== Task to complete ==
An exact copy, beginning at the line containing "cricket frog-.jpg" and ending at the final line of the records that follow, is the answer; it has no pictures and no other text.

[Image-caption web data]
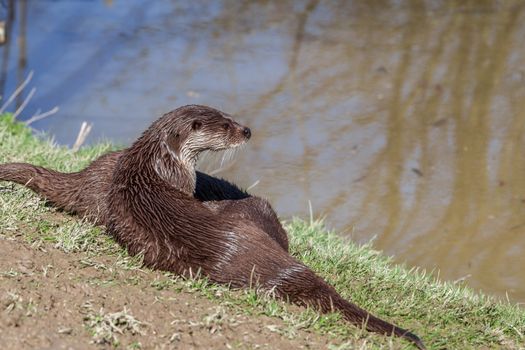 European Otter (Lutra Lutra)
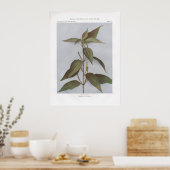 False Nettle - Boehmeria cylindrica Poster (Keuken)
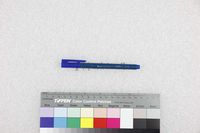 藏品(孟東籬-個人用筆(藍筆))的圖片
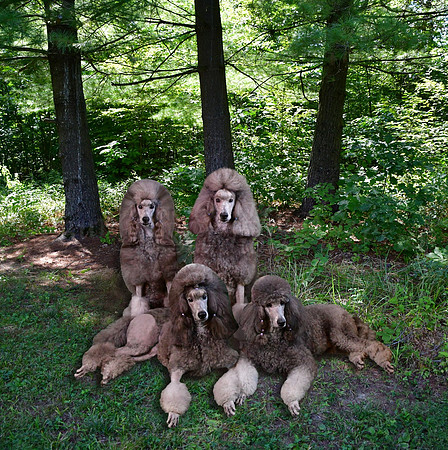 Pups Cropped Square in Shadow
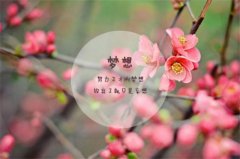 适合男生的正能量句子 男人简短正能量语录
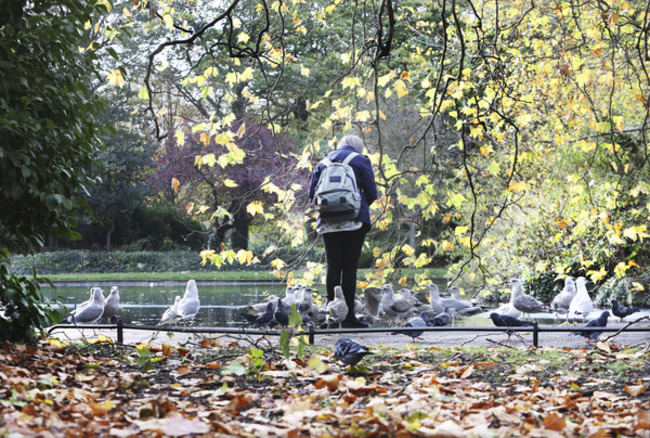 3707 Stephen's Green scenes_90527165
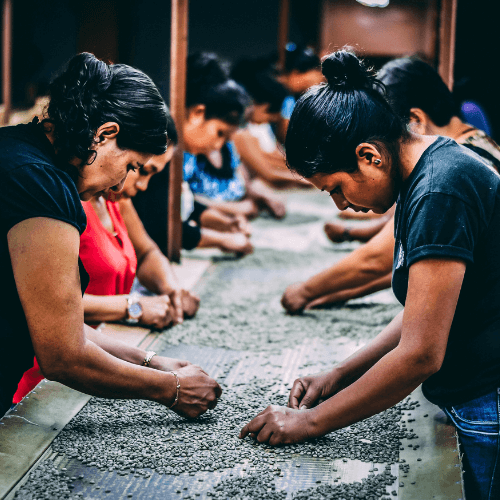 Out Of The Grey Coffee Thoughtfully Sourced | Roasted Daily | Shipping Truly Extraordinary Coffee!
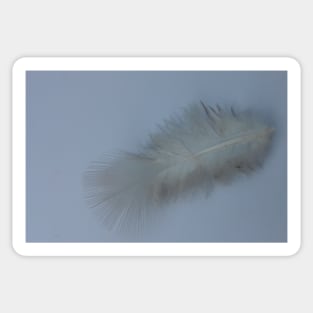 Feather Sticker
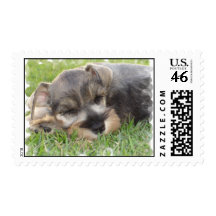 Schnauzer Postage Stamp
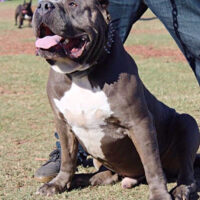 Commerce Kennels Devo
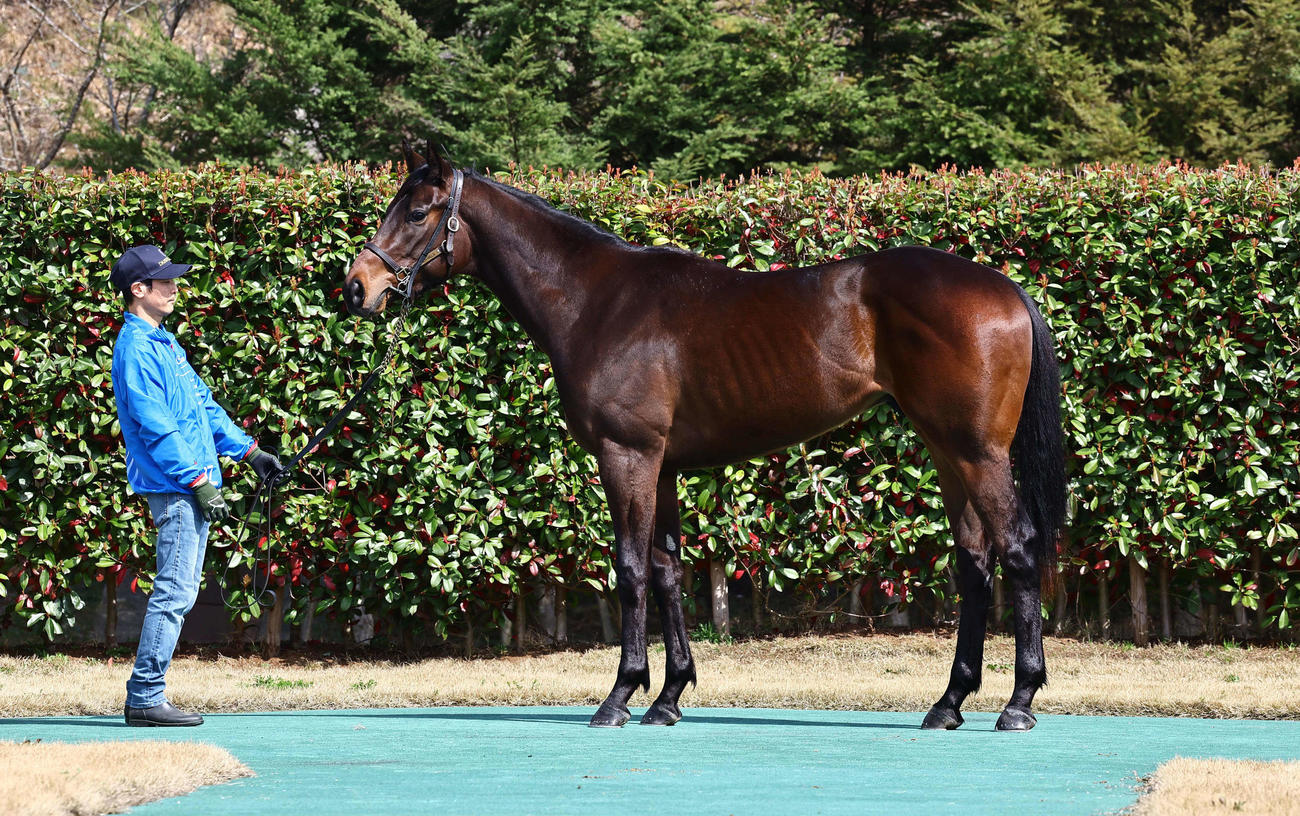 大山ヒルズ　ステラスター23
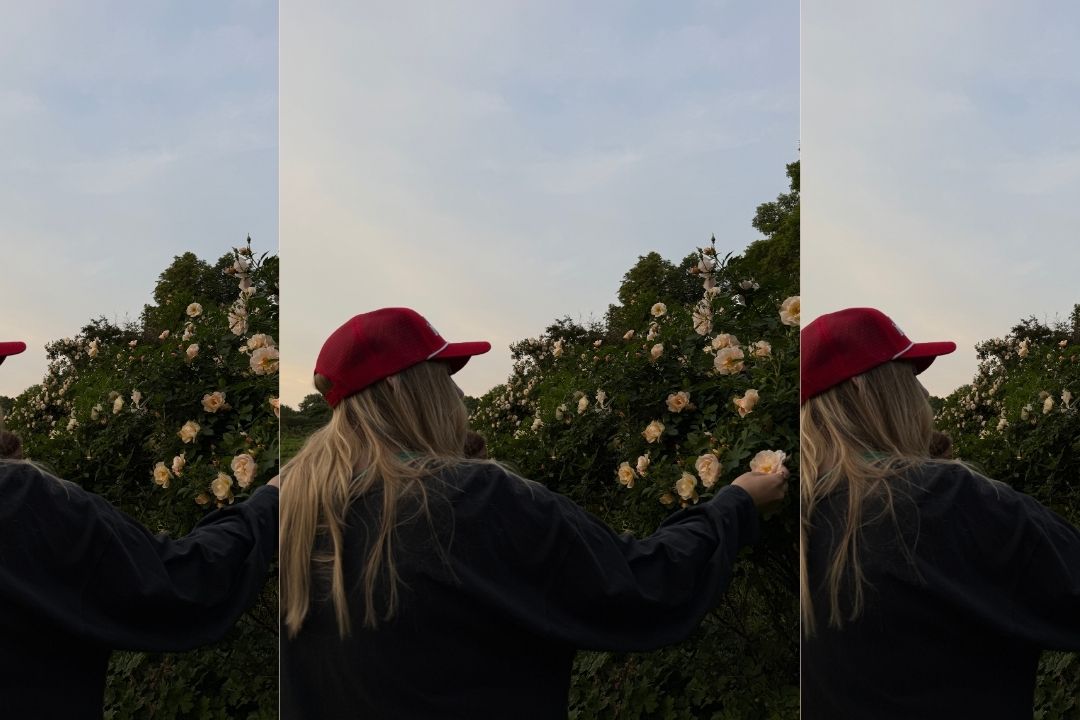 How The Flower Moon will Affect Your Zodiac Sign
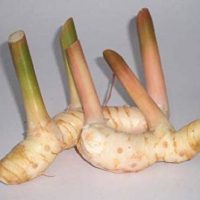 Thai Fresh galangal - 14 oz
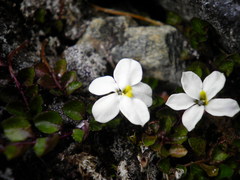 Lobelia glaberrima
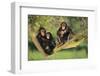 Chimpanzees-DLILLC-Framed Photographic Print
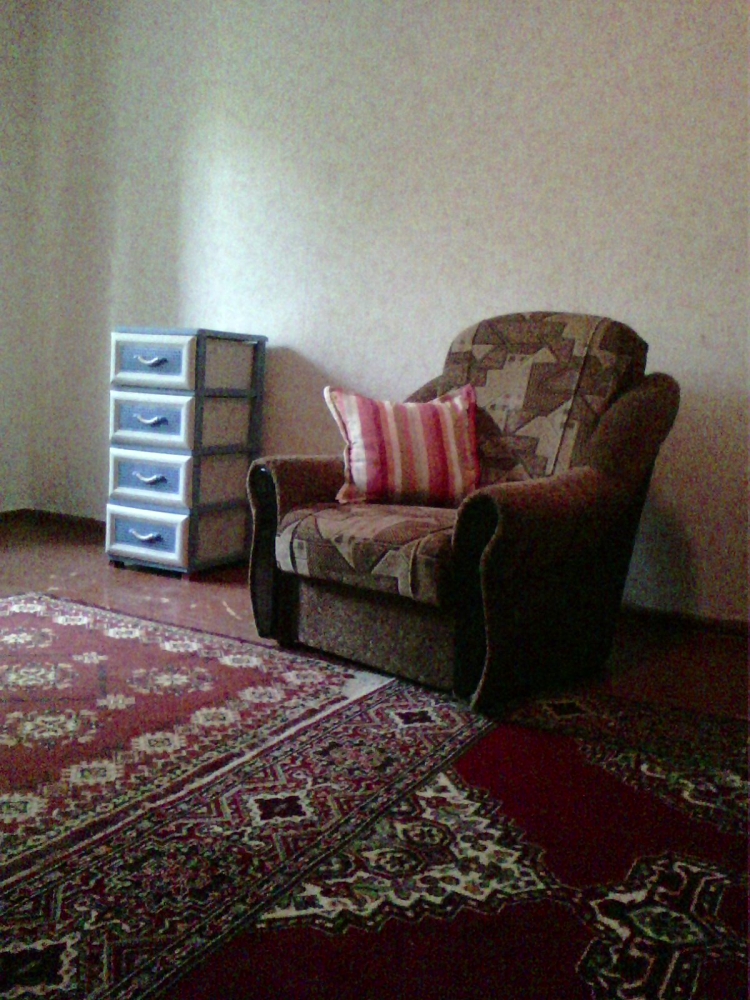 квартира посуточно эконом-вариант #4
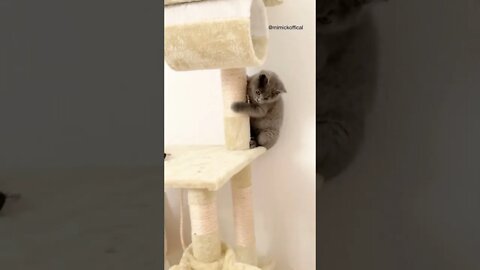 see Mimicko Kitten is having fun playing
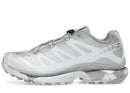 Salomon XT-4 OG Lunar Rock Alloy Silver
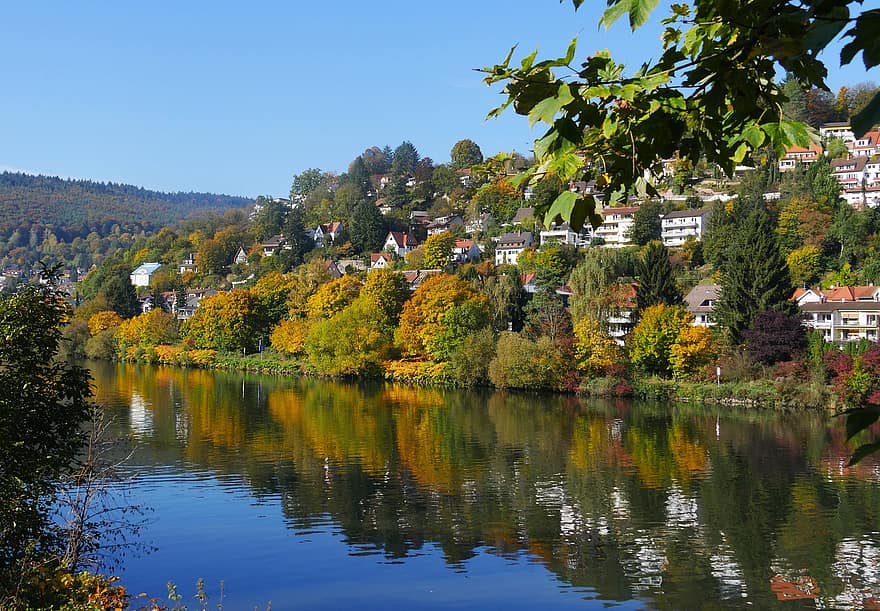 natura, fiume, cittadina, autunno, stagione, Riva del fiume, Neckar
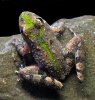cricket frog-.jpg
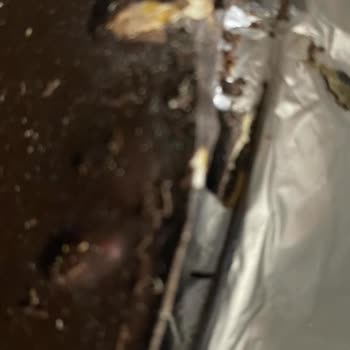 Nestle Çikolatada Karşılaşılan Kalite Sorununa İlişkin Şikayet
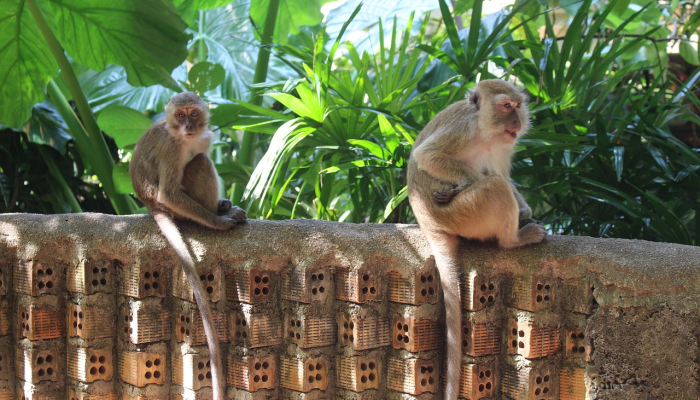 炙手可热是什么生肖打一个动物生肖，仔细诠释解释落实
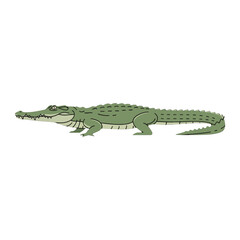 Fototapeta premium Illustration of a Green Crocodile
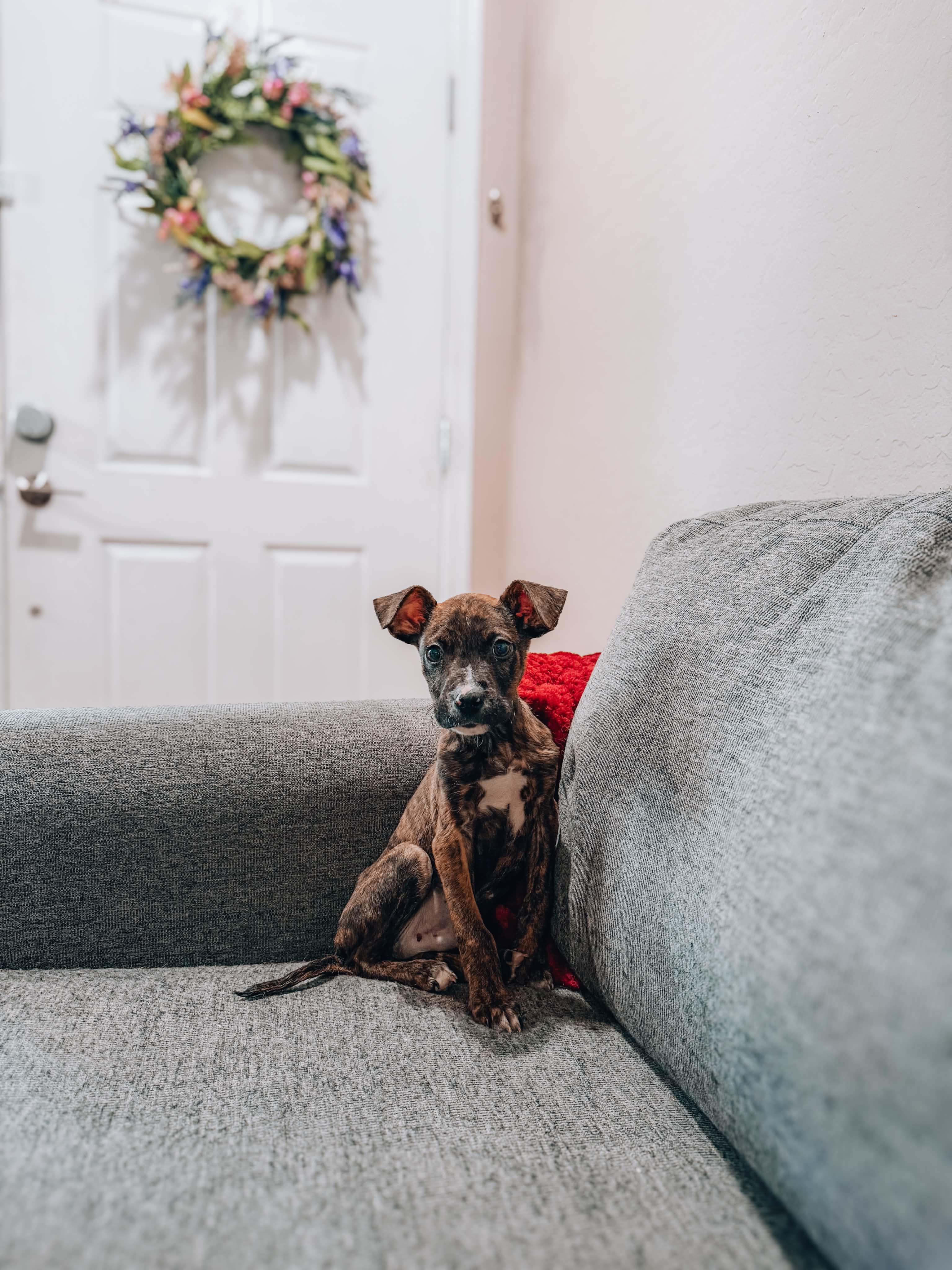 Charlie, ADOPTABLE, Puppy Male Terrier.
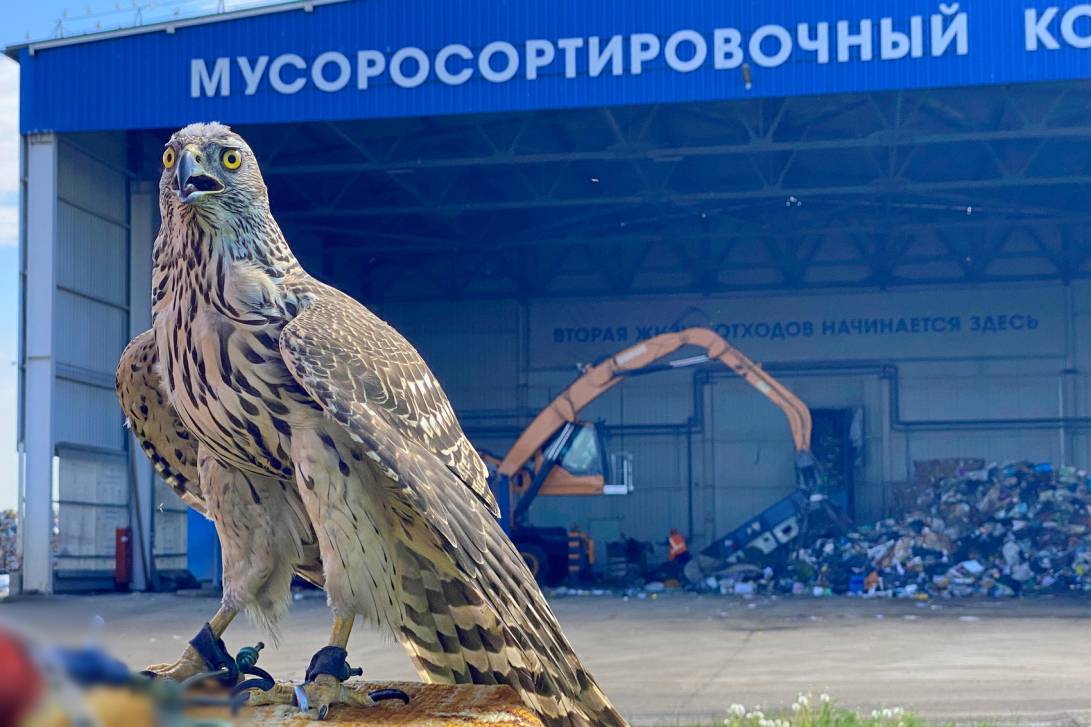 Мусор – от и до | Фотография 20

== Final answer ==
cricket frog-.jpg
 Nestle Çikolatada Karşılaşılan Kalite Sorununa İlişkin Şikayet
 炙手可热是什么生肖打一个动物生肖，仔细诠释解释落实
 Fototapeta premium Illustration of a Green Crocodile
 Charlie, ADOPTABLE, Puppy Male Terrier.
 Мусор – от и до | Фотография 20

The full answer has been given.